## Task goal:
If pictures appear among the lines below, leave them out while you return exactly the lines from the one with "istock Hot boiling" through the one with "Valentine dessert chocolate".

(Data supplied)

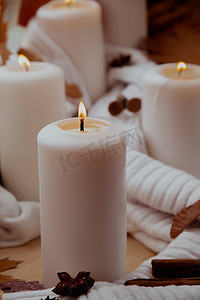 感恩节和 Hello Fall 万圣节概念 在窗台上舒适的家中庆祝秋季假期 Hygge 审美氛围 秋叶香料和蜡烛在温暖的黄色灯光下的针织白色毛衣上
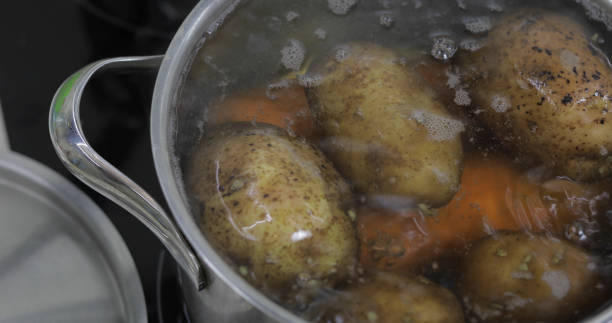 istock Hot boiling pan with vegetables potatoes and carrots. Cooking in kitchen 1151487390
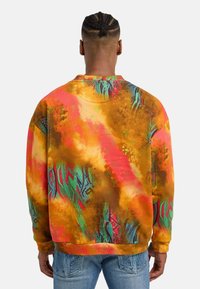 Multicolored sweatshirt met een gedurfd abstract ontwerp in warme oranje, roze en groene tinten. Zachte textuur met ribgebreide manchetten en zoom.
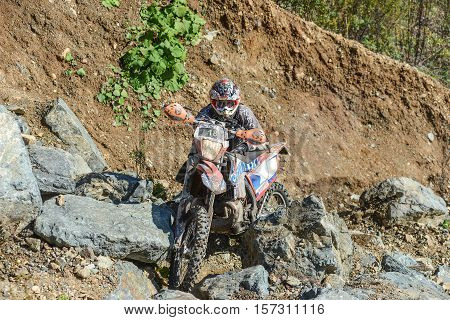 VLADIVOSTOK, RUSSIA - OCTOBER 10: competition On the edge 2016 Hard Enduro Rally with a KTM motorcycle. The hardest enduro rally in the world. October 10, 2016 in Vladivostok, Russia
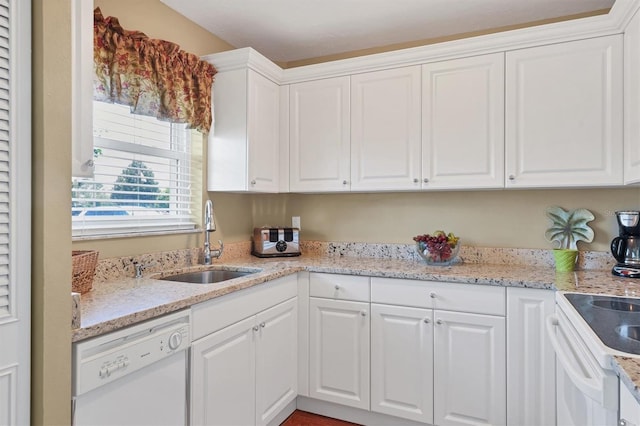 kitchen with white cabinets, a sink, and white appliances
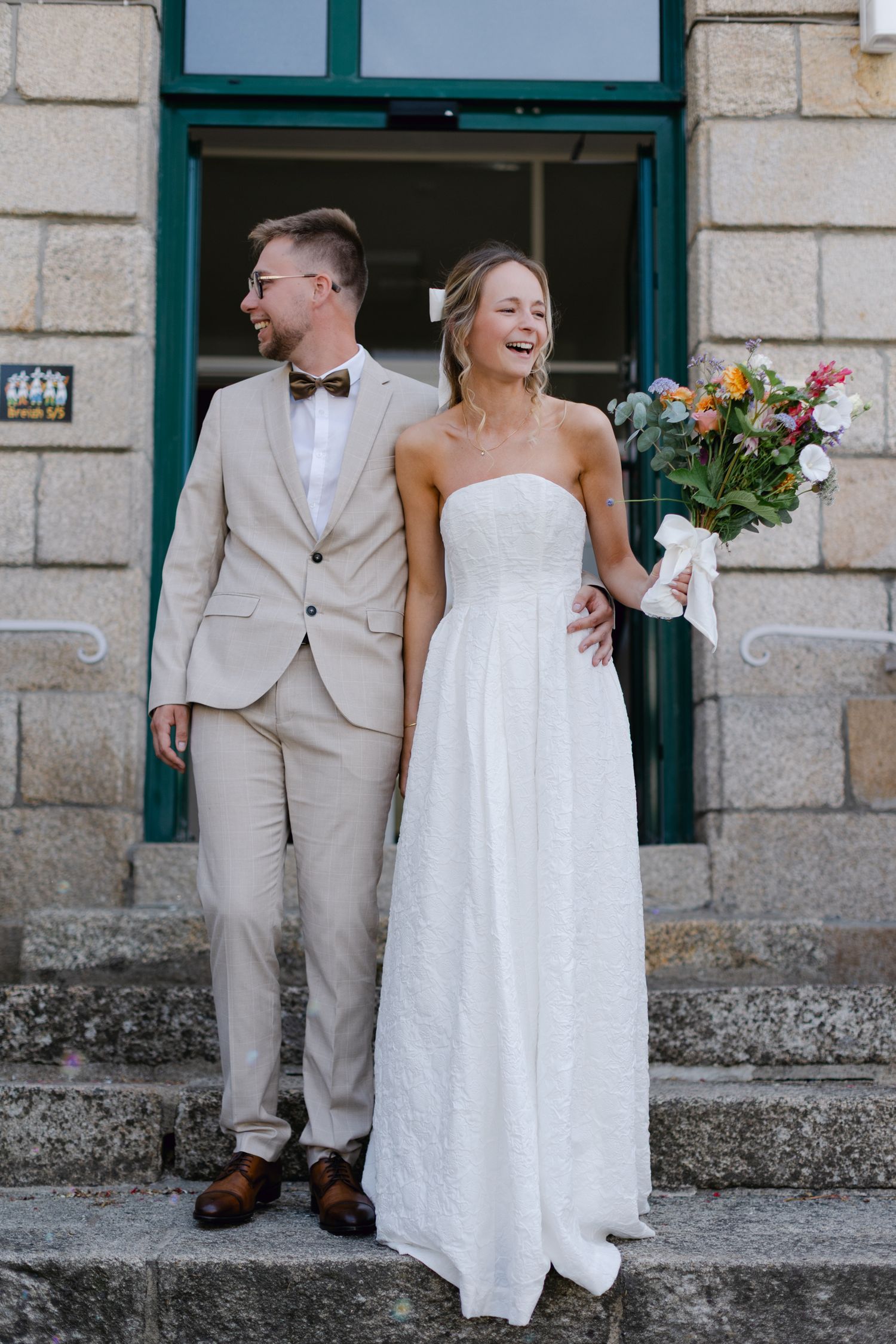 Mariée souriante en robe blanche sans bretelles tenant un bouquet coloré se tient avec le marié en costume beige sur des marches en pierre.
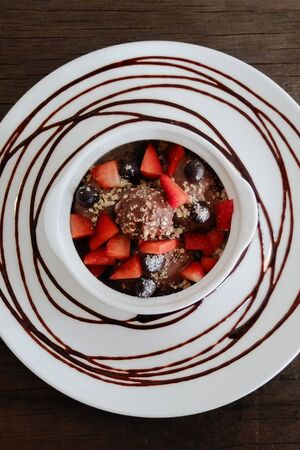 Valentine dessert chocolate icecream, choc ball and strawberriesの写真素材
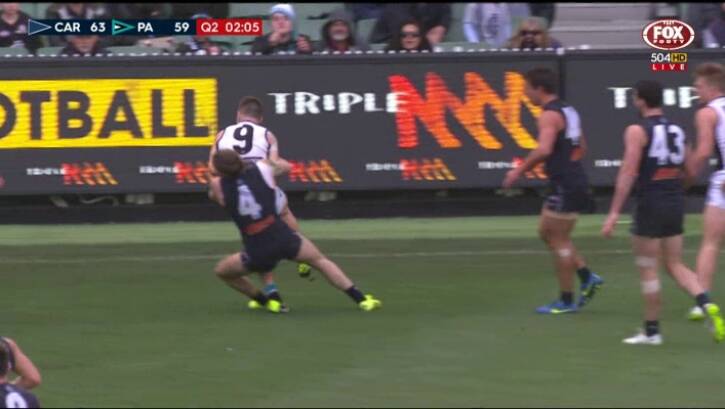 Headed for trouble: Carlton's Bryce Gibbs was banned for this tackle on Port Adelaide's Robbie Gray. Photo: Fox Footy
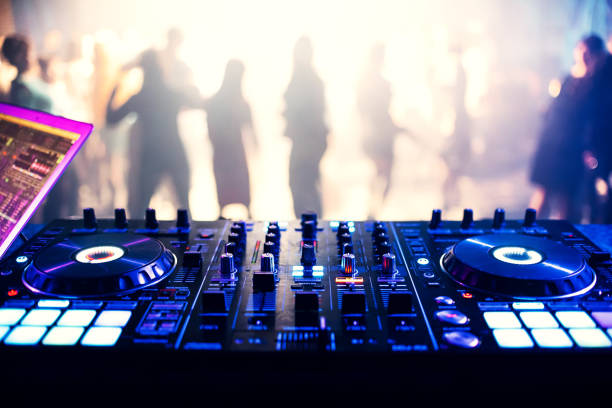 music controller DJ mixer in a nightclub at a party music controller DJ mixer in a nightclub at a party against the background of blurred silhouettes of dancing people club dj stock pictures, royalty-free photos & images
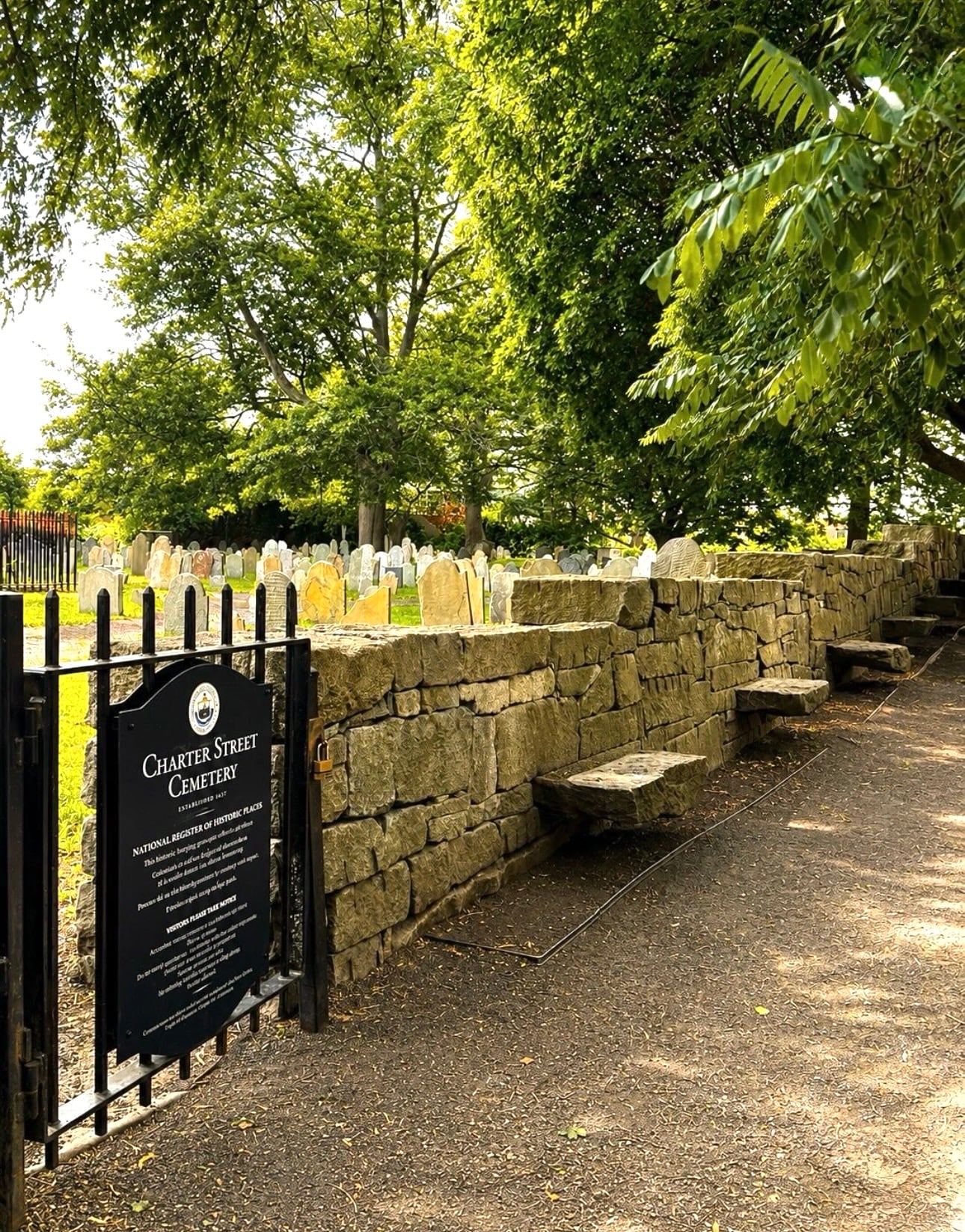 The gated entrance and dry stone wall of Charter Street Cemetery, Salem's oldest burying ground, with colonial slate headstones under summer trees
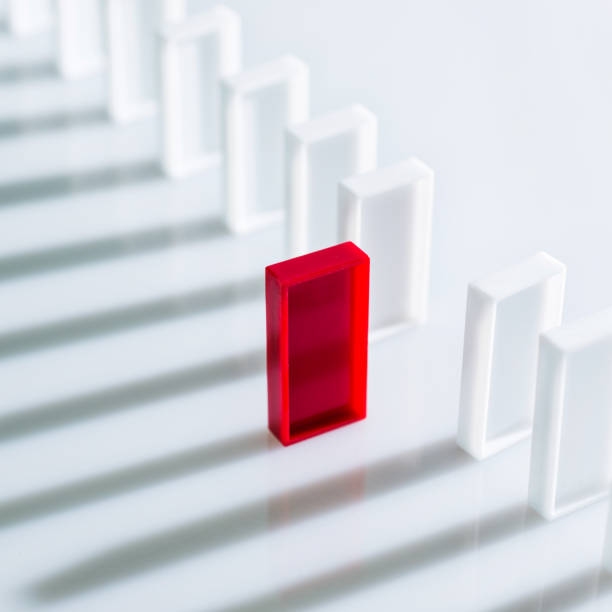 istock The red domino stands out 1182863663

(End Data supplied)

## Task solution:
 istock Hot boiling pan with vegetables potatoes and carrots. Cooking in kitchen 1151487390
 Multicolored sweatshirt met een gedurfd abstract ontwerp in warme oranje, roze en groene tinten. Zachte textuur met ribgebreide manchetten en zoom.
 VLADIVOSTOK, RUSSIA - OCTOBER 10: competition On the edge 2016 Hard Enduro Rally with a KTM motorcycle. The hardest enduro rally in the world. October 10, 2016 in Vladivostok, Russia
 kitchen with white cabinets, a sink, and white appliances
 Mariée souriante en robe blanche sans bretelles tenant un bouquet coloré se tient avec le marié en costume beige sur des marches en pierre.
 Valentine dessert chocolate icecream, choc ball and strawberriesの写真素材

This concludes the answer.